Театр на Таганке вообще начинался с занавеса: его содрали, обнажив для зрителя пустое и голое пространство сцены.

Когда в «Гамлете» занавес двинулся, с грозным гулом сметая короля, и двор, и даже Гамлета, захотелось отыскать его в программке с большой буквы, как имя собственное. А слева, где «действующие лица», что-нибудь вроде «Рок», «Судьба», как Леонид Андреев обозначил в «Жизни»: «Некто в сером». Но в программке стояло скромно: «режиссер Ю. Любимов, художник Д. Боровский».

Так или иначе, но Занавес действительно стал героем спектакля, и как герой он уже многократно воспет на страницах печати: его косматые и путаные переплетения, которые иногда высвечиваются контражуром и оказываются редкими и прозрачными, как паутина; его стремительные повороты, членящие пространство сцены во всех направлениях и создающие эффекты почти кинематографические; его грозная поступь, сметающая королей и принцев; и то, что вне досягаемости его остается только одно: могила.

Может быть, художнику недостало дерзости нарушить собственный принцип и подставить хотя бы Королю и Королеве какое-нибудь подобие мебели: сидеть на занавесе неудобно не столь аллегорически, сколь физически. Может быть, для своего символического значения занавес бывает слишком суетлив по пустякам. Но это — мелкие рецензентские придирки.

Между тем авторам спектакля удалось создать образ спектакля, по-шекспировски разносоставный и {12} по-шекспировски единый в этой разносоставности.

Отвлеченная символика занавеса в пустынном пространстве сцены, создающая условность мизансцен.
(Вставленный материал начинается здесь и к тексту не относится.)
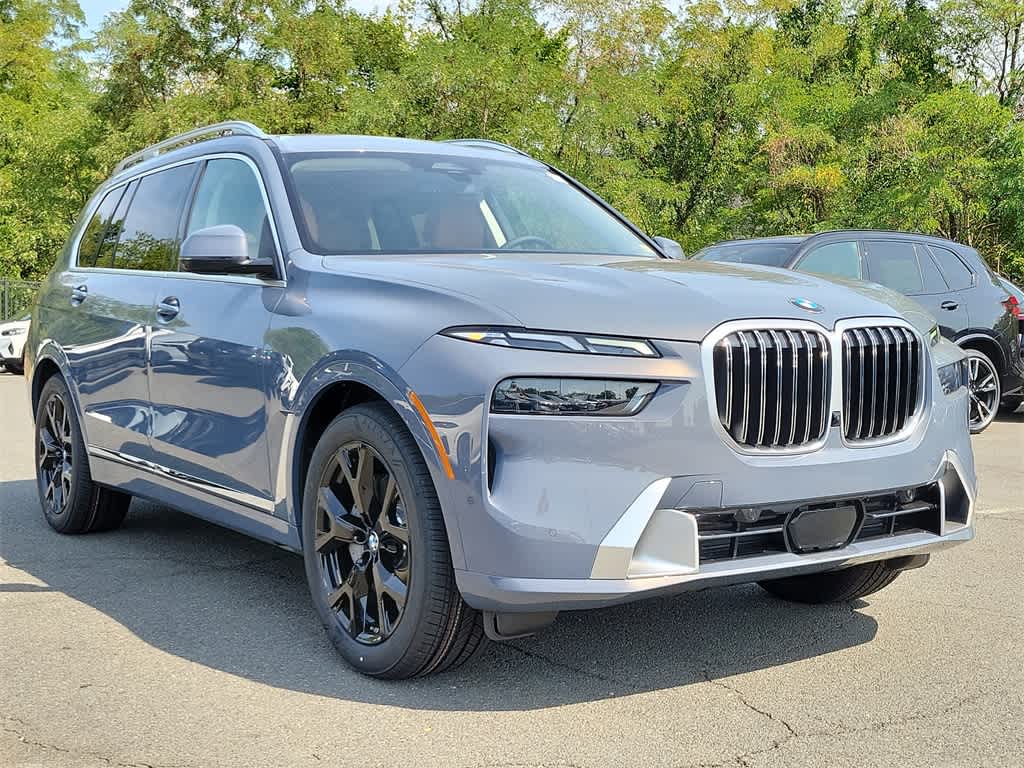 2025 BMW X7 xDrive40i 2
А рядом — несомненная и подлинная фактурность: рыхлая, унавоженная трупами земля, которую могильщики знай себе выбрасывают на условный сценический пол; и неструганые доски гроба; и беленая каменная стена, с грубыми железными скобками, к которой прислонится Датский принц, уже смертельно раненный; и живое тепло человеческого тела, уходящее в камень и железо, потому что в разгаре поединка противники сбросили с себя рубахи и остались полуголыми; и предутренний крик в квохтанье настоящего, живого, белого петуха, которым начнется представление, — образ площадного, простонародного, не гнушающегося грубыми эффектами зрелища, кусок «массовой культуры». Но в этом зрелище, как соль в морской воде, растворен всеобъемлющий образ — образ Времени. Не того конкретного исторического времени, которое в прежних спектаклях датировало события, а времени как субстанции, как категории почти что философской.
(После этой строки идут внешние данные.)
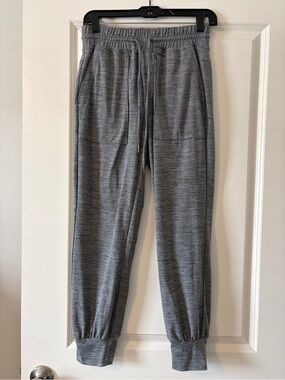 Lou & Grey Women’s Heather Gray Jogger Sweatpants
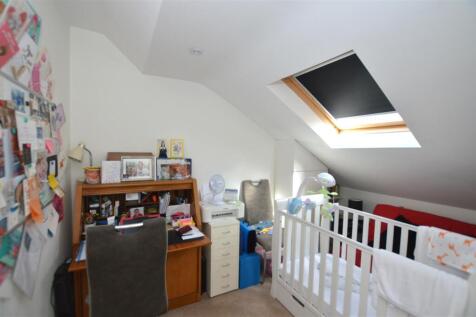 7 Gilpin Cres bed 3.JPG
Это время торопит Клавдия и Гамлета, не давая им передохнуть в жестоком поединке; это оно подталкивает роковую развязку; это оно сметает все следы только что разыгравшейся кровавой драмы, оставляя за собой пустоту подмостков; это оно напоминает живым криком петуха, что ничто не останавливается. Ибо только время движется в одном направлении и не может быть обращено вспять.
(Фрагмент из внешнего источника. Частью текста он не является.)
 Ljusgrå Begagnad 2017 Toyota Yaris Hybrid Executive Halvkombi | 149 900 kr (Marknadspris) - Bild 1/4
На место исторической причинности, к которой мы так привыкли в прежних шекспировских постановках, и даже той социально обусловленной личной причинности, которая побуждала Гамлетов 50‑х годов задумываться о жизни в ущерб действию, пришла судьба.

{13} На этом представлении как-то не хочется задавать традиционный вопрос: «почему?» Почему Гамлет медлит, почему он колеблется, — он и не медлит и не колеблется, он делает все, что может, послушный своей судьбе. Сосредоточен же он совсем на другом…

* * *

Роль Гамлета в спектакле исполнял Владимир Высоцкий.

Говорят, что «Гамлет» — спектакль режиссерский. Это верно лишь отчасти. Если бы на месте Высоцкого был другой исполнитель, это был бы совершенно другой спектакль.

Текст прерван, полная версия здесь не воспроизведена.